## ASSIGNED TASK
Within the data that follows, set down exactly the lines from the one containing "Load image into" through the one containing "Sterling Silver Ball", both ends included.

--- SUPPLIED DATA Enclosed Below ---

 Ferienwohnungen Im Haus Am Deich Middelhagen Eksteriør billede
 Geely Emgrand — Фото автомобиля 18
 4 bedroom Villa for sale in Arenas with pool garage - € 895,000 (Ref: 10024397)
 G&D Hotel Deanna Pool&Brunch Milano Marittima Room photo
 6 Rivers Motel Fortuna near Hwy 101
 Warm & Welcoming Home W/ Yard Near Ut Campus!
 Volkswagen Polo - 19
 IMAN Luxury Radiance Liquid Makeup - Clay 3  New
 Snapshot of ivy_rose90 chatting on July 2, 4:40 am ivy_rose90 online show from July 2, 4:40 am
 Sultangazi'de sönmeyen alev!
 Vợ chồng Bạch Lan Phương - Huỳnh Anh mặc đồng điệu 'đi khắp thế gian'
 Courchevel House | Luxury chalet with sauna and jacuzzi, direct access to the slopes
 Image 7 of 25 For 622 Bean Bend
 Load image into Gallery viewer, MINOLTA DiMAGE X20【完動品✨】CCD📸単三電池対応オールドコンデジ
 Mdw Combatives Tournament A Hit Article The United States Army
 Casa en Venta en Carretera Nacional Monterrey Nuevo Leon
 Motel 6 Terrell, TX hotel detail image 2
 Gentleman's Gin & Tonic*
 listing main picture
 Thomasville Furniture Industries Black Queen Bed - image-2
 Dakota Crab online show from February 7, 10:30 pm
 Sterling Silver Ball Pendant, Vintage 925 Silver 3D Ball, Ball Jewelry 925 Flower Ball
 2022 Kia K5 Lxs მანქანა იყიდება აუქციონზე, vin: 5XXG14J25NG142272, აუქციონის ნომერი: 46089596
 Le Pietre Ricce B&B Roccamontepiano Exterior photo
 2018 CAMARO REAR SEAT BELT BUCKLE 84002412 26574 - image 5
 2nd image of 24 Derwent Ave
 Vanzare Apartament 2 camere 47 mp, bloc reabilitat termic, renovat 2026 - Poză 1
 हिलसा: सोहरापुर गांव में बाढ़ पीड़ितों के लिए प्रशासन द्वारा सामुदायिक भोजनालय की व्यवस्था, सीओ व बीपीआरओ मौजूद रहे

--- End of Enclosed SUPPLIED DATA ---

## RESPONSE AREA
 Load image into Gallery viewer, MINOLTA DiMAGE X20【完動品✨】CCD📸単三電池対応オールドコンデジ
 Mdw Combatives Tournament A Hit Article The United States Army
 Casa en Venta en Carretera Nacional Monterrey Nuevo Leon
 Motel 6 Terrell, TX hotel detail image 2
 Gentleman's Gin & Tonic*
 listing main picture
 Thomasville Furniture Industries Black Queen Bed - image-2
 Dakota Crab online show from February 7, 10:30 pm
 Sterling Silver Ball Pendant, Vintage 925 Silver 3D Ball, Ball Jewelry 925 Flower Ball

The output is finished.